Our vision

Our vision | Image

Chapel A doesn’t have a top-down approach to vision. The first question we want to ask any person joining us is, ‘What vision has Jesus given you?’ We love to see people discovering who they are as children of God and living in the joy of that. Sometimes that will mean supporting people in their neighbourhood or workplace, sometimes it will mean helping them find a place to serve or even create a new place to serve.

Even so, there are a few themes that we keep coming back to: 


Encountering God is at the centre of who we are. Whether that is through personal prayer, collective worship or down the pub, we long for everyone to meet with God personally. Having met Jesus and a person and knowing God’s Spirit in our lives is what motivates and empowers us to do all the other stuff we do. When we meet we will always give time to prayer and worship, because we need God to keep working in our lives. We don’t want to just know about God, we want to know God. Studying the life of Jesus and the teaching of the scriptures helps us to grow in our understanding, but we also want to encounter God today, who is present with us everywhere. 

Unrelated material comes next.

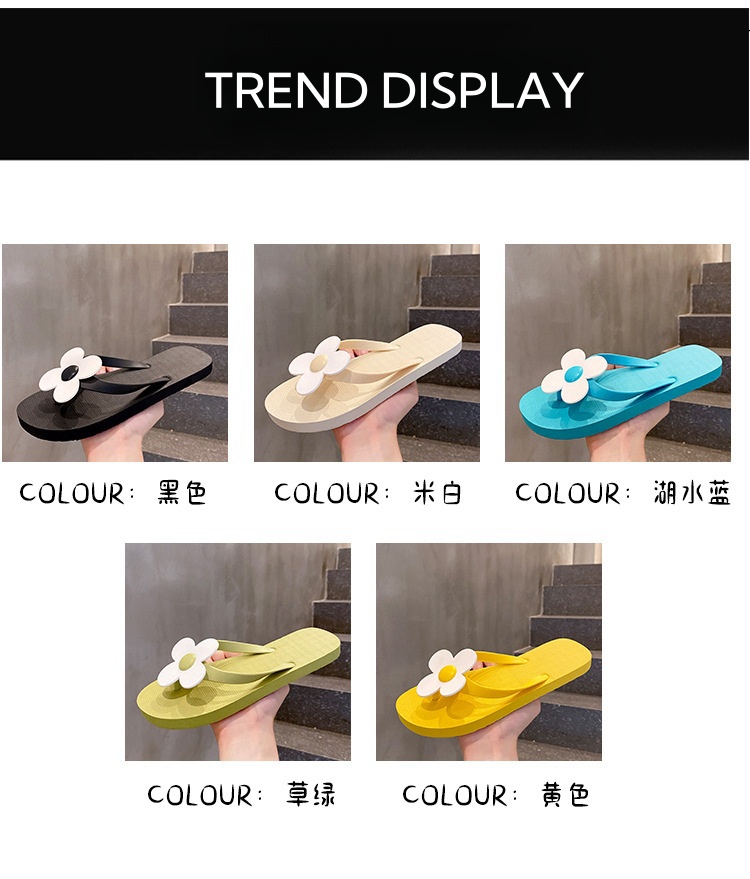 Custom Women's Floral Flip Flops for Summer Light PVC Slides with Flat Soft and Printed Design for Beach Outdoors detail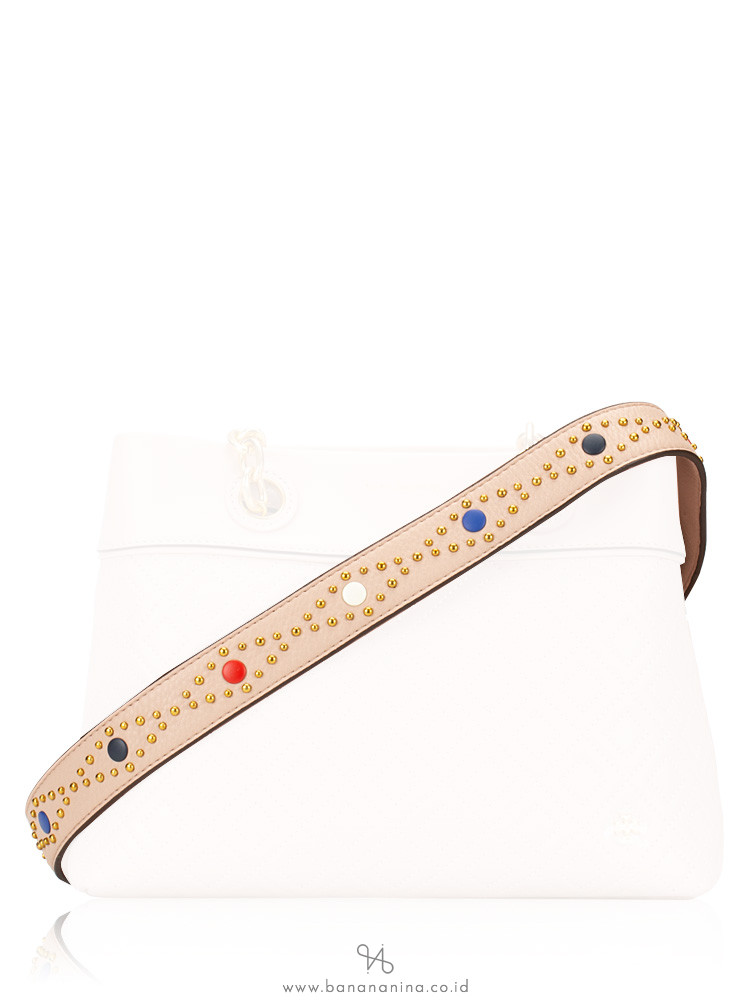 TORY BURCH Stud Leather Guitar Strap Light Oak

We have always wanted to be an inclusive church, but we didn’t always have the language to describe that desire. For a long time we focussed on the need for children and young people to feel that they belonged as part of Chapel A. More recently, we took the step of intentionally stating our desire to welcome and include LGBTQ+ people in our family. Right now, we are exploring how to be more open to folk who experience neurodiversity, mental illness and physical disability. 


Chapel A people are friendly people. We like spending time together! When we think of God’s work in the world (often called Mission), we want to join in with that together. We don’t want anyone to feel they are serving God alone, whether that be in a workplace, family, neighbourhood or community project. We are a community and we serve our wider community together. In fact, we see that when others notice us serving together, it’s our very togetherness that makes the good news of Jesus attractive. We don’t want to keep this special family of God just to ourselves – it’s for sharing. 


When we look out across the world it’s clear that we have been given a lot of privilege, power and wealth, even if we don’t always feel it. When someone asked Jesus who their neighbour was, he answered by telling a story that showed that being a neighbour is not about living close to someone, but about caring for a stranger in need. We try to be good neighbours of our brothers and sisters around the world.